Over the last couple of days we have seen some major mempool spikes on the Chia network, knocking farmers offline. Basically it looks similar, although not exactly, like the Chia dust storm a couple of months ago. Personally my farm has been knocked offline a couple of times, and the same is true for a number of farmers around the world.
So what is happening? It looks like someone is stuffing thousands of transactions into the mempool all at once and that is causing a cascade of issues as slower nodes lose sync and then start acting as zombie nodes causing issues and additional load on the nodes that do stay in sync.

As you can see the normal transaction volume is being completely dwarfed by spikes that are hitting it right now. But if you look at the Bitcoin or Ethereum mempools they are significantly busier than the Chia network is even during these spikes. If Chia wants to supplant Ethereum as the programmable smart chain of choice it needs to be able to easily support more than 10x this load at all times.

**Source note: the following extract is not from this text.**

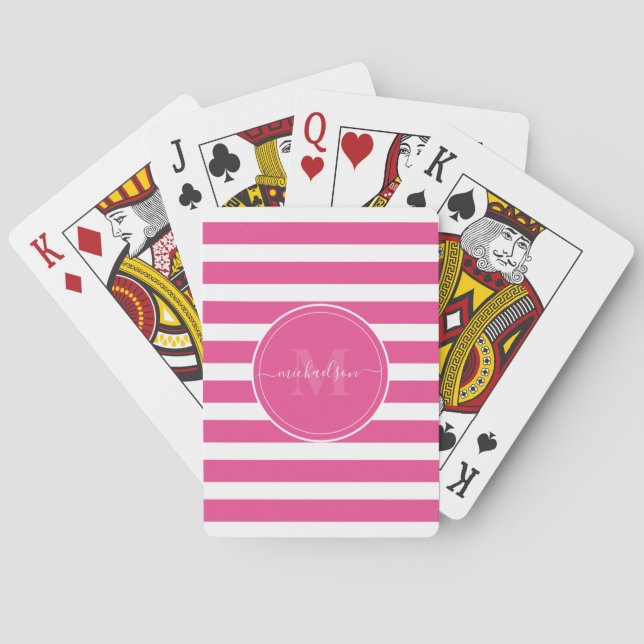 Modern Hot Pink and White Stripes Monogram Name Playing Cards (Back)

I don’t really have any answers here, but you can be sure I will be asking for some. Both from Chia Network, who has responded to these issues in the past, and from others in the community about why the Chia node falls over with what would seem to be a feather brush to an Ethereum node. If it is just low powered nodes, then they need to go. Permanently. If it is something else then that needs to be fixed because right now even with decent hardware its luck of the draw if you or your peers get knocked out by one of these spikes.
“…right now even with decent hardware its luck of the draw if you or your peers get knocked out by one of these spikes.” Not true. If you have sufficient hardware power and network response, there is no issue IMHO and in my experience. Chia’s insistence that Pis or similar are “good enough”, for example, is hurting Chia’s chances of graduating into the big league of crypto, such as Ethereum you mention, in terms of transactions.

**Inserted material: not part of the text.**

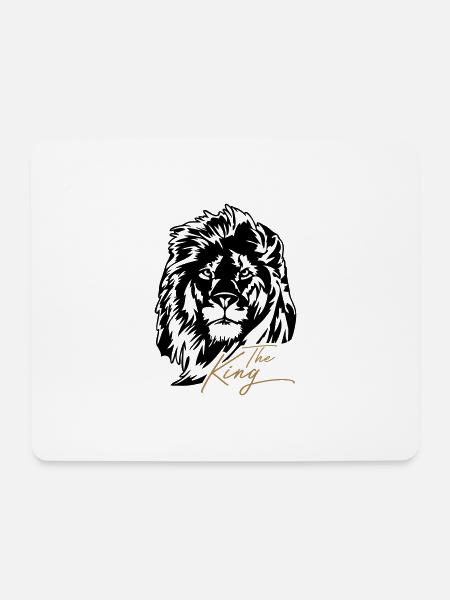 Der Löwe - The King Löwenkopf Wilsigns Afrika - Mousepad (Querformat) - Weiß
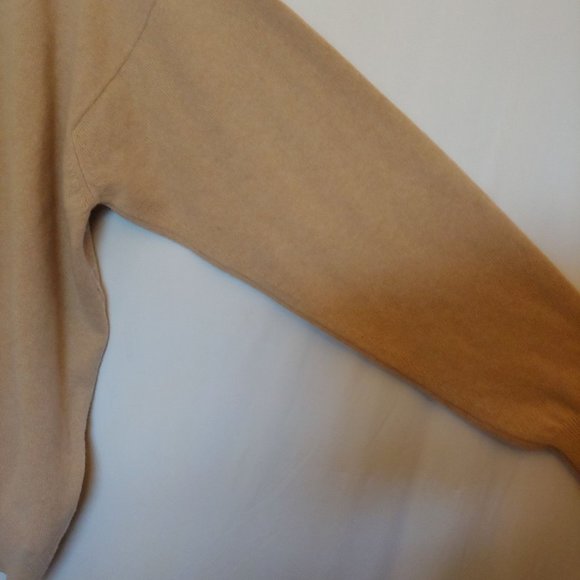 Peter Scott Camel and White Plaid Long Sleeve 100% lambs Wool Large - Picture 9 of 12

It is true. I’m farming a rocket lake i5 with 32gb ram and I’ve been knocked out by both
Chia is not RAM size bound, but rather RAM speed bound. So, most of your RAM is kind of being wasted (yeah, OS is using it for some general caching). Potentially, using it as a cache in front of your db folder would make a better use of it.
Also, Chia is not CPU per se bound, but rather a single core bound. Once you have one core maxed out, your node is SOL, regardless of how many cores you have.

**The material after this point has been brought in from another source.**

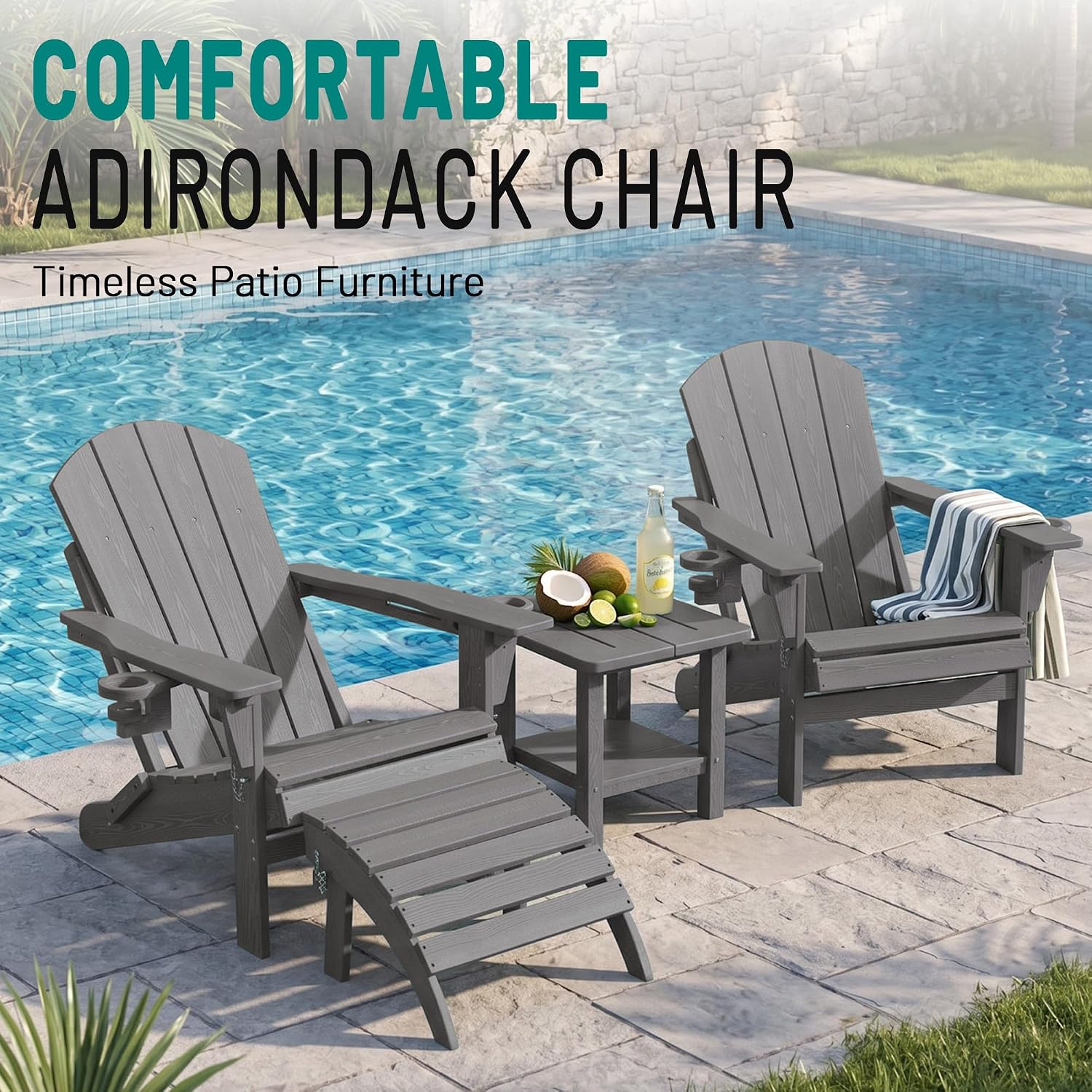 2 Pack Adjustable HDPE Adirondack Chairs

I have been knocked out with AMD Ryzen 7 3700X 3,6/4,4GHz 32MB AM4 Wraith Prism BOX CPU and 32 GB RAM
I guess, if we want to move this issue forward, there is no point to repeat empty statements that play well in Chia’s favor (general rambling about RPis or other non-specified “low spec” nodes). I would rather focus on what issues we see with our own setups, rather than pointing fingers at “others” that don’t have “as good” setups as we have.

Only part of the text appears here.